Andererseits bereiten wir vor, nach Ablauf der aktuellen Förderperiode aus den Europäischen Strukturfonds eine Anschlussförderung sowohl aus europäischen als auch aus Bundesmitteln zu erhalten. Darüber hinaus werden wir die Möglichkeiten der Förderung aus anderen europäischen Programmen prüfen und gegebenenfalls nutzen.
Für die inhaltliche Ausrichtung der WVH und die „Bespielung" der Hütte ist es wichtig, dass wir eine kompetente Nachbesetzung für den Mitte des Jahres ausscheidenden Generaldirektor bekommen. Wir sind dabei eine entsprechende Ausschreibung vorzubereiten und strecken bereits unsere Fühler aus.
Dabei ist es mir wichtig, dass wir eine wirklich geeignete Person für diese anspruchsvolle und spannende Aufgabe finden, die dem Ort auch neue Impulse verleiht. Dafür müssen wir vielleicht in Kauf nehmen, dass diese Person nicht sofort zur Verfügung steht, und eine Interimszeit in der Besetzung dieser Position entsteht.

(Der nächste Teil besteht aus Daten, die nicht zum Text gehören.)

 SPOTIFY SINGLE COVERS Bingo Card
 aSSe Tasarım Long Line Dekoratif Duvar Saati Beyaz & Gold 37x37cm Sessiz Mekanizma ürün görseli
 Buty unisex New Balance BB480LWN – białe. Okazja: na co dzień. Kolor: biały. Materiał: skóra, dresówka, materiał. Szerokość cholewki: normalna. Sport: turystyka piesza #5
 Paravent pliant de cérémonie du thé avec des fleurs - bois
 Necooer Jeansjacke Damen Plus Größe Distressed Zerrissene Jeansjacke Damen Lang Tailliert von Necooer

Dennoch gehen wir davon aus, dass die Besetzung eines Interimsdirektors – oder einer Interimsdirektorin – weder notwendig noch sinnvoll ist.
Andererseits ist das Team an der WVH gut aufgestellt und motiviert, zu beweisen, was es auch unter diesen Bedingungen leisten kann. Deshalb bin ich auch optimistisch, dass es uns gelingen wird, im WVH selbst in einer Interimszeit zur Besetzung des Postens des Generaldirektors einen Beitrag zur saarländischen Präsidentschaft der Großregion zu erbringen.

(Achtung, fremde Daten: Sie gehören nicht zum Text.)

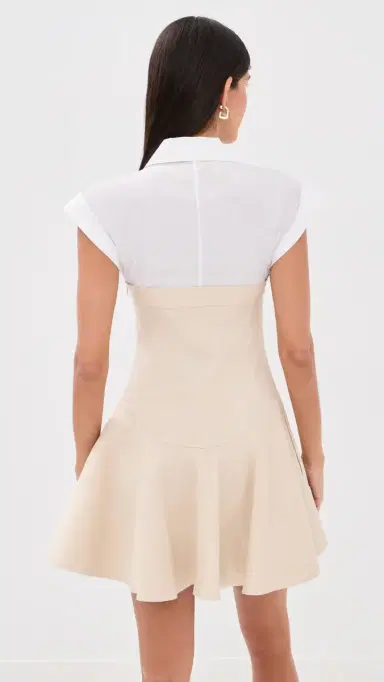 SIMKHAI Sundae Linen Blend Mini Dress Sand Multi | Thumbnail 3 SIMKHAI Sundae Linen Blend Mini Dress Sand Multi | Thumbnail 3
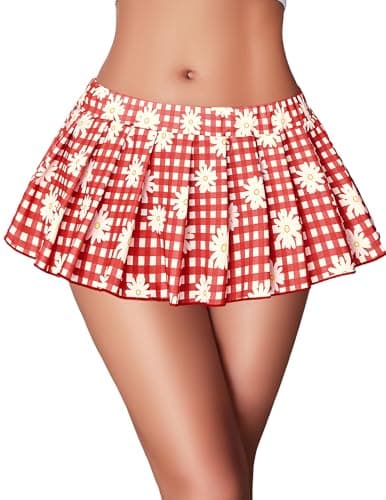 Avidlove Y2K Pleated Mini Skirt for WomenXS-4XL — Red Plaid Daisy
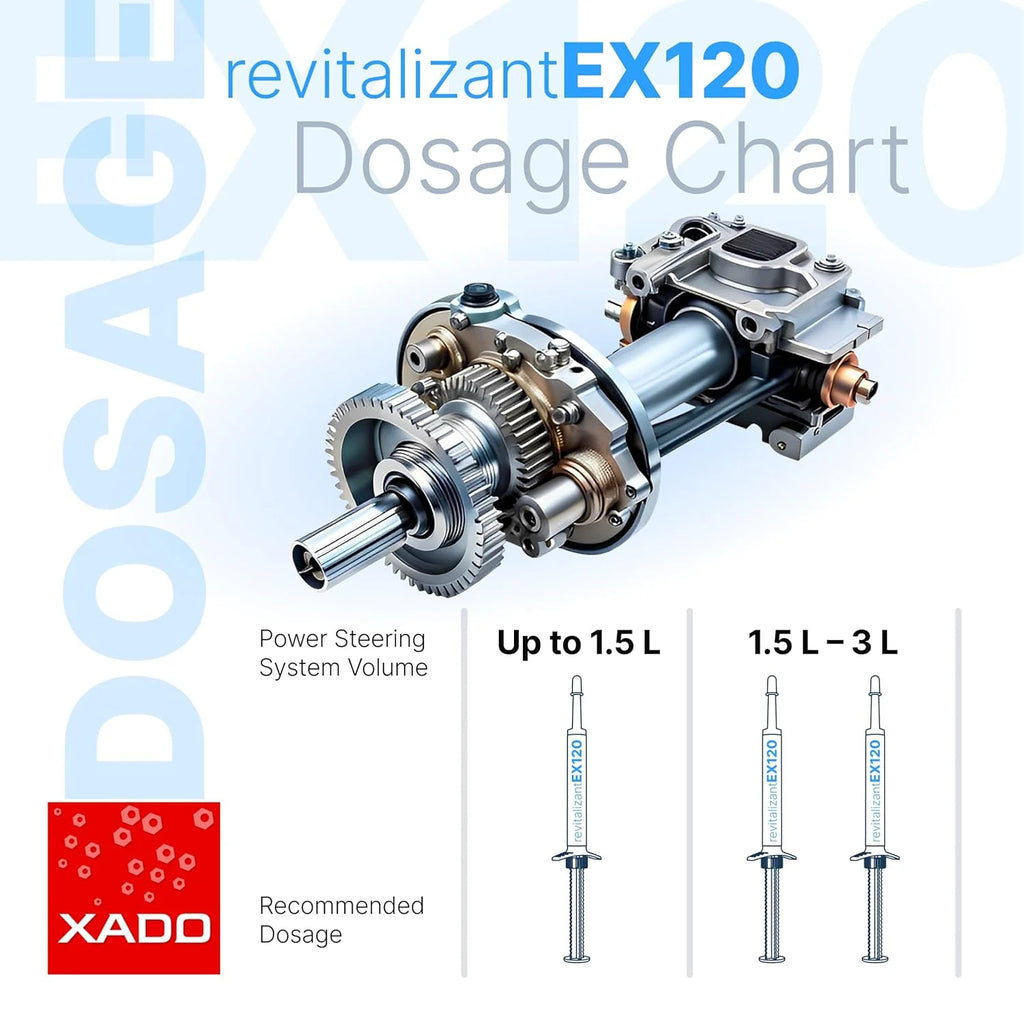 XADO EX120 Power Steering Revitalizant 8ml – Hydraulic Pump Repair & Noise Eliminator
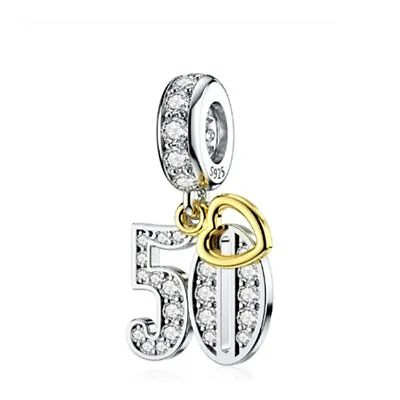 $26.99 • Buy S925 Silver & Gold Pl Hanging 50th Milestone Birthday Charm By YOUnique Designs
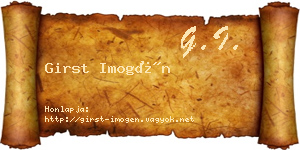 Girst Imogén névjegykártya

Wir erarbeiten derzeit ein Konzept, die Hütte zu nutzen, um im Jahr 2020 das Jubiläum 100 Jahre Denkmalschutz im Saarland zu begehen. Eine solche Ausstellung kann nicht ohne Bezüge zum Kulturraum der Großregion gestaltet werden. Außerdem gibt es Überlegungen, die vorindustrielle Eisenerzeugung in der Großregion durch eine entsprechende Ausstellung zu würdigen.
Ist die Organisation des Stahlbereichs mit dem Weltkulturerbe Völklinger Hütte ein Modell für den Kohlebereich?

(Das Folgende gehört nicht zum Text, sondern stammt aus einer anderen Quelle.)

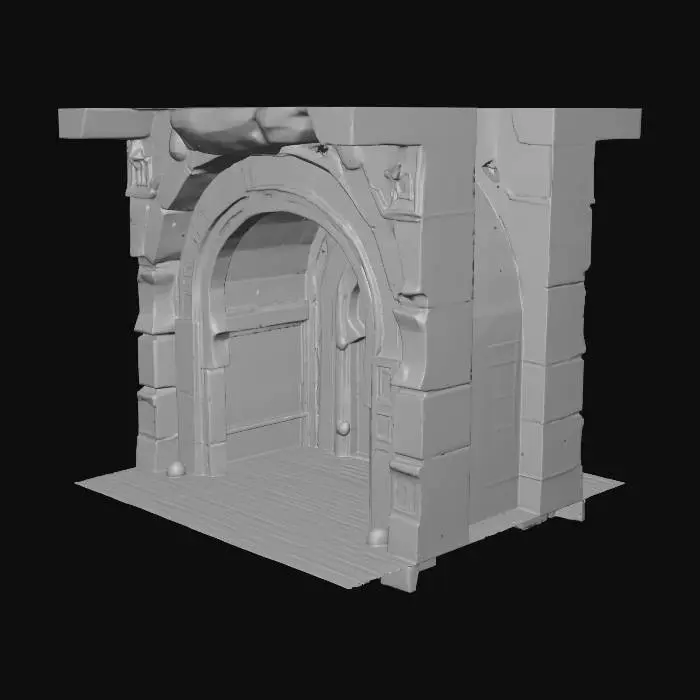 3D model for an ancient doorway, a portal to another universe, a gateway, at the end of a long semi circular beautiful arched tunnel, highly detailed, 8k quality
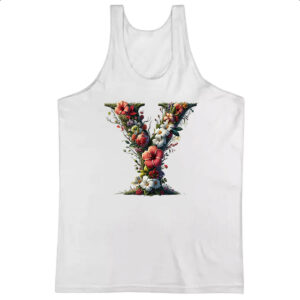 Camiseta Regata Alfabeto Floral Letra Y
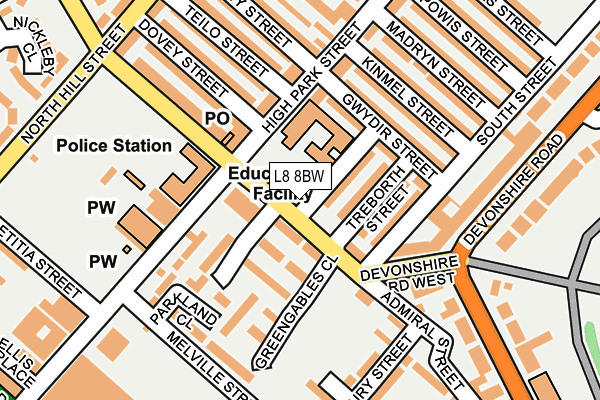 L8 8BW map - OS OpenMap – Local (Ordnance Survey)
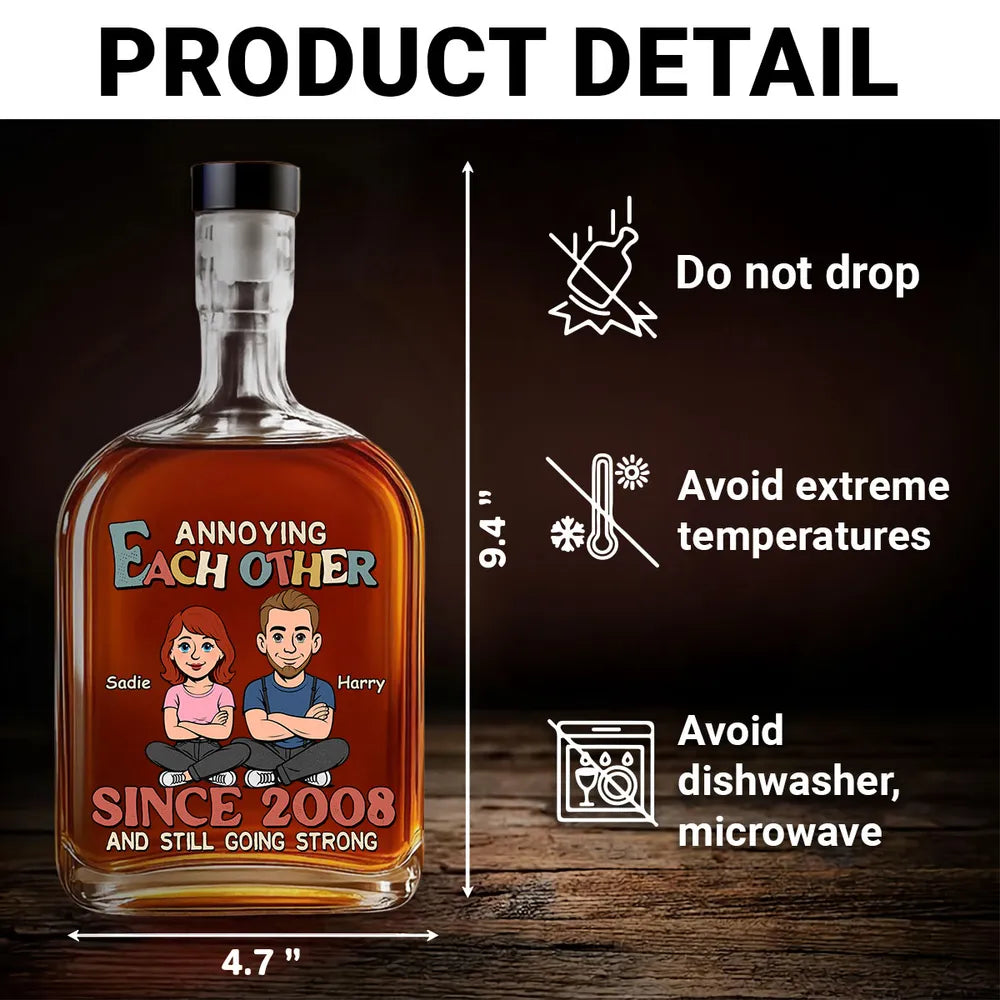 Personalized Glass Spirits Decanter with Funny Couple Cartoon for Home Bar Display, Unique Gift for Husband or Wife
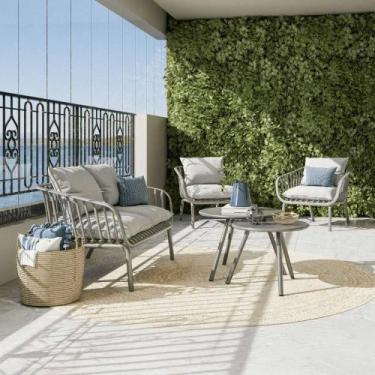 Imagem de Poltrona Externa 79cm Base em Aço Estofado Resistente à Água - Fratini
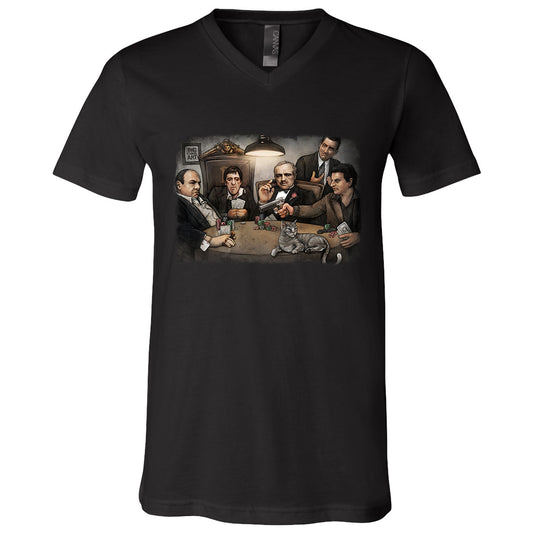 Big Chris Art Big Chris Art Gangsters Playing Poker V-Neck T-shirt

Das Weltkulturerbe Völklinger Hütte ist der große Leuchtturm für die saarländische Industriekultur. Das wird und soll auch so bleiben. Völklingen als ein Weltkulturerbe ist der Besuchermagnet, der über die Landesgrenzen hinausstrahlt und am weitesten bekannt ist.
Man kann das eine nicht mit dem anderen gleichsetzen. Die Bergbau-Denkmalstandorte können als einzelne sicherlich nicht diesen Leuchtturm-Charakter für sich beanspruchen. Sie sind stärker in der Gesamtheit zu sehen und mit sehr unterschiedlichen Potenzial.
Wie sieht es mit der touristischen Vermarktung der Industriekultur aus?
Die Vernetzung der verschiedenen industriekulturellen Standorte muss endlich verwirklicht werden. Wir müssen es schaffen, dass die Menschen, die die Völklinger Hütte besichtigen, nicht am gleichen Abend wieder abreisen. Es könnte ganz spannend sein, noch ins Besucherbergwerk Velsen oder zu anderen Standorten der Industriekultur im Saarland zu fahren, die – ebenso wie Velsen – ihr Potenzial noch nicht entfaltet haben, und ins Musée Les Mineurs in Wendel, dem zentralen Bergbaumuseum Frankreichs in Petite-Rosselle.
Grundvoraussetzung für diese Vernetzung ist aber, dass die Standorte, die sich in das Netz einbringen, sich auch dauerhaft so präsentieren, dass sie für Besucher attraktiv sind; dass sie einen Teil der saarländischen Industriegeschichte erzählen. Und diese unterschiedlichen Erzählungen müssen eine stimmige, spannende Gesamterzählung ergeben.
Das hat bisher nicht geklappt?
Der große Fehler war, mit der IKS und der Weltkulturerbe GmbH zwei Gesellschaften zu gründen. Im zweiten Schritt hat die IKS dann Aufgaben der Unternehmensansiedlung übernommen, ohne dass diese Aufgaben mit dem Begriff Kultur in ihrem Namen etwas zu tun hatten. Auf der anderen Seite hat die WVH einen starken Akzent auf den Bereich Kunstausstellungen gelegt, die keinen Bezug zum Technikdenkmal hatten. Beide Institutionen haben nicht zusammengearbeitet und die Hürden für eine Zusammenarbeit wurden immer höher. Das wollen wir jetzt überwinden. Es wird auch Aufgabe des neuen Generaldirektors der WVH sein, daran mitzuwirken.